In order to take control of a country, zealots have to undermine not just people who may have been educated to be independent thinkers, but the very idea and legitimacy of a liberal education. Those intent upon spreading belief in “the Big Lie,” for instance, must attack the institutions committed to truth-seeking and a commitment to verifiable evidence.

So we see the escalating attacks on knowledge, on science , on expertise. We see a co-ordinated effort to replace the very concept of education with the far less threatening goal  of job training.

And we see unremitting attacks on the nation’s universities.

I spent twenty-one years as a faculty member at a public university, and I would be the last person to claim that all is well in academia. There are plenty of legitimate criticisms that can–indeed, should–be leveled: bloated administrations, too-cozy relationships with moneyed donors, a knee-jerk tendency to “cancel” proponents of currently unpopular positions, and a depressing willingness to equate academic success with job placement statistics.

That said, the degree to which the GOP is waging war on education–at both the public school and college levels–  seems unprecedented.

I’ve previously posted about former Wisconsin Governor Scott Walker’s efforts to destroy the University of Wisconsin–including his attempt to change the century-old mission of the University system by removing language about the “search for truth” and “improving the human condition” and replacing those phrases with “meeting the state’s workforce needs.”

At least Walker understood the need to be sneaky.  Florida Governor Ron DeSantis–a poster boy for today’s GOP–hasn’t bothered to hide his animus for science, truth and higher education. The results have been ugly.

A special panel created by the faculty at the University of Florida has completed a review of the academic environment there, and what it has to say is not flattering.  As The Miami Herald reports, the report shows that academics in Florida live in a literal state of fear; one where they don’t dare tell the truth out of fear of reprisals from Gov. Ron DeSantis. That’s particularly true when it comes to revealing the facts about COVID-19.

The report makes it clear that researchers felt a great deal of outside pressure in preparing research information for publication. That sometimes meant that information was delayed, or not published at all. In some cases, scientists were told not to reveal their affiliation with the university when releasing information, or to take the University of Florida name off presentations.

All because they were not allowed to do anything that could be viewed as criticizing DeSantis, or policies related to COVID-19. Faculty in the university’s Health Department were warned that funding might be “in jeopardy if they did not adopt the state’s stance on pandemic regulations in opinion articles.”

DeSantis’ attacks went well beyond his approach to COVID.

Course descriptions, websites, and other materials concerning the study of race and privilege had to be hidden, altered, or removed. The persecution in this area became so ridiculous that instructors were told:

“The terms ‘critical’ and ‘race’ could not appear together in the same sentence or document.”

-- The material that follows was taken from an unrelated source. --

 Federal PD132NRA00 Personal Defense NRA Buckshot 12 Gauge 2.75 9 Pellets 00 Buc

Much of this bullying has occurred “under the radar,” but a few months ago, national media reported that the University of Florida was prohibiting three professors from testifying as experts in a lawsuit challenging a new law restricting voting rights. The prohibition was justified by the the University on the grounds that “it goes against the school’s interest by conflicting with the administration of Florida Gov. Ron DeSantis.”

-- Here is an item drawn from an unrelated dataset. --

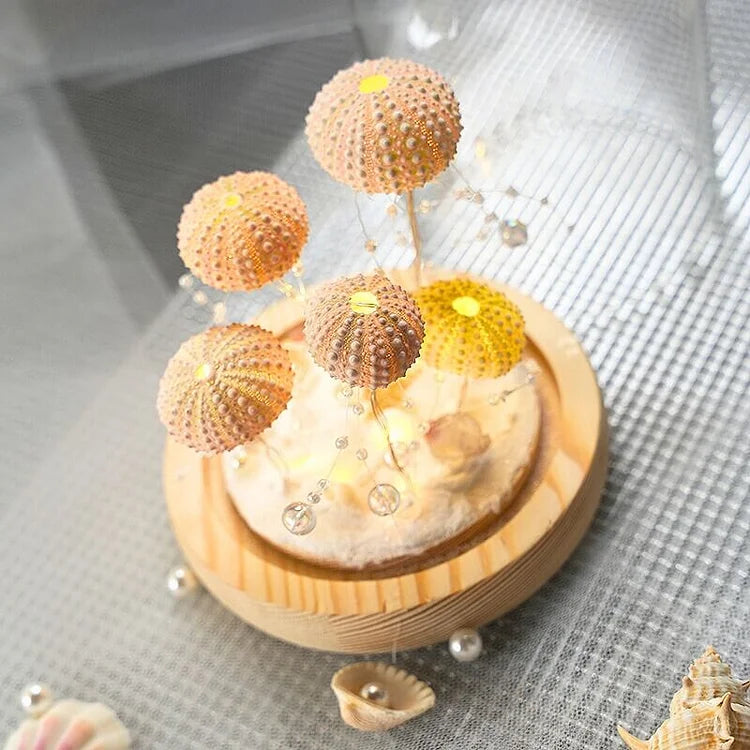 Vintage Bordlampe med Glasdome & Havpindsvin Design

There was a sufficient outcry that the University reversed that decision, but it is blindingly obvious that less well-publicized efforts to “get along” with the Governor remain in place.

It isn’t only Florida.

At a time when University Presidents are chosen more for their fundraising abilities than for their devotion to scholarship, some are using their authority to simply remove inconvenient scholarship from  their institutions. Here in Indianapolis, the administration of Marian University has simply eliminated its department of political science. 

The school’s administration has failed to offer a rationale for removing political science, a program with as many declared majors as most other liberal arts programs on campus —and which you would think is especially important, given the troubled state of U.S. political life–and especially since the faculty vociferously opposed the decision. The linked report notes that no other major was targeted for elimination.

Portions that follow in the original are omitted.